Thirty-three countries—including the United States and Australia—have laws that explicitly regulate franchising, with the majority of all other countries having laws which have a direct or indirect impact on franchising. Franchising is also used as a foreign market entry mode.
Fees and contract arrangement
Three important payments are made to a franchisor:
(a) a royalty for the trademark,
(b) reimbursement for the training and advisory services given to the franchisee, and
(c) a percentage of the individual business unit’s sales.
These three fees may be combined in a single ‘management’ fee. A fee for “disclosure” is separate and is always a “front-end fee”.
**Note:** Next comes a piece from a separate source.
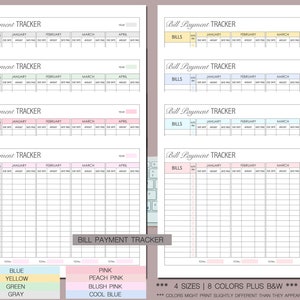 Puede incluir: Plantilla de seguimiento de pago de facturas imprimible con 8 opciones de color: azul, amarillo, verde, gris, rosa, rosa melocot&oacute;n, rosa rubor y azul fr&iacute;o. El rastreador incluye secciones para facturas, pago autom&aacute;tico, fecha de vencimiento, monto, fecha de pago y notas. El texto "Bill Payment Tracker" aparece en la parte superior de la p&aacute;gina.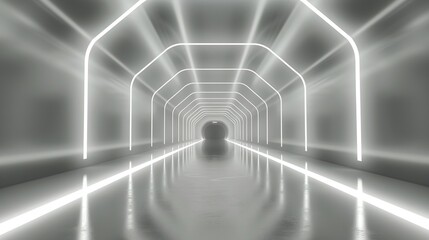 3D Room with White Background: Abstract Space Technology Tunnel Stage Floor and Futuristic Corridor Render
A franchise usually lasts for a fixed time period (broken down into shorter periods, which each require renewal), and serves a specific territory or geographical area surrounding its location. One franchisee may manage several such locations. Agreements typically last from five to thirty years, with premature cancellations or terminations of most contracts bearing serious consequences for franchisees. A franchise is merely a temporary business investment involving renting or leasing an opportunity, not the purchase of a business for the purpose of ownership. It is classified as a wasting asset due to the finite term of the license.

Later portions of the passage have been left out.